Friday, October 3, 2014

Job security after SHTF?

Hi Ferfal, I'm a big fan of yours, and have recommended your books to a lot of people.
I just took a pretty good job as an auditor with the electric and gas utility (privately owned, not government)about 100 miles north of NYC. Previously, I lived within 20 miles of NYC for my entire life, but it's easy to see what a powder keg that area will become if times get tough, so I made a move.  Can you tell me how stable a job like that proved to be in Argentina when TSHTF? Also, did government workers, who have a high level of perceived job security, actually fair well?
Since you have rated economic instability as the 2nd biggest problem behind security during TSHTF, I think it would be very valuable if you write another book, to provide more detail on common occupations (accountants, nurses, administrators, salespeople etc. etc.) and exactly how they faired in Argentina pre/post crisis. I know you did that in your first book, but it was a little brief.
You input would be greatly appreciated.

Hello Joe, thanks for your support, congratulations on the new job and I’m glad you like my work.
As I wrote in “The ModernSurvival Manual: Surviving the Economic Collapse”, the job situation gets pretty complicated for everyone when unemployment goes  +%25.
Pretty much everyone is at risk and no one has his job fully warrantied against termination.
As I explained in the book, there are some jobs that are more secure than others, but that still doesn’t mean you couldn’t end up facing serious problems eventually.
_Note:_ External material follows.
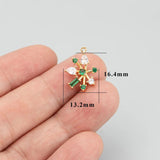 18K Plated Jewelry Accessories 6pcs/lot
Take police officers for example. You would think that in a country with such a serious crime problem, law enforcement would be a pretty safe income in spite of how dangerous it many be. Still, police officers have been struggling for years with very low wages and for all practical purposes many are forced to complement their salary with “tips” (bribes) to get by. Something similar happens with teachers and other public workers. They have a job, but condition and pay isnt that good, sometimes its not even enough to live.
As the public services and infrastructure fail, there’s more opportunities for private companies to fill in the gap and these hire people.
In the case of electric companies in Argentina, they have been known to cut costs because of the crisis, letting the grid deteriorate further. This led to rolling blackouts and transformers exploding in summer. The poor power grid situation is widely reported, but little is being done to update the deteriorated infrastructure. Even cell phone signal is rapidly deteriorating. Its already a common local joke to criticize and make fun of the poor signal people often receive.
Like I said in the chapter about employment, its not town blacksmith or ranch hand that are in high demand post economic collapse. The jobs that are in high demand and also happen to pay well at a certain level are marketing and sales. During tough times companies appreciate those that are gifted and manage to land sales.  With a lot of work, small companies do well and this is what many unemployed end up doing once they ran out of options. So as to reinforce your work position you must make yourself very important and valuable to the company. 
The more of a key person you are to the functioning of the company, the less likely you are to lose your job.
I do agree about NYC. I would try to avoid that city as much as possible. About “government workers, who have a high level of perceived job security” some are almost impossible to fire due to the Unions. In general, a desk job for the government, in one of the administrative buildings and halls tends to be pretty secure. The government rarely fires more people when unemployment is already bad.

1 comment:

Anonymous said...

Having spent half of my adult life in hyperinflationary Brazil, I never really went without a job but once. Businesses were still conducted, though not as usual.

Then, the sector with most money was the government, which got to spend the freshly printed money first, before it was eaten away by inflation. Government and banking, which is the same thing.

However, since people still need to eat hot meals, the agricultural sector was still cranking meat and grain out and so was the energy sector, even if sputtering.

Also, those sectors supplying one or two steps down the chain from these three sectors kept a skeleton economy going.

B2B sales could also be a viable career, but not retail.

But, whatever the industry, the only certainty was that no job was certain. If one had skills that served the industries above, one might find employment more or less soon.

Forget the public sector. Since the people was living hand to mouth, taxes could not be raised without provoking riots. Taxing businesses could dismantle the remnant of an economy altogether. So basically public paras... servants would be offered bottom salaries in exchange for generous pensions, assuming that the fan would be rid of shite by then. Surely the positions were stable, or as stable as death is.

Of course, that was Brazil, a peripheral country, in another decade. When it hits the fan in central economies, like it's happening to Italy and France, soon the UK and Germany, eventually the US, the fan will be hit by a historically unprecedented truckload of manure. Then, past experience are barely useful, if at least an indication.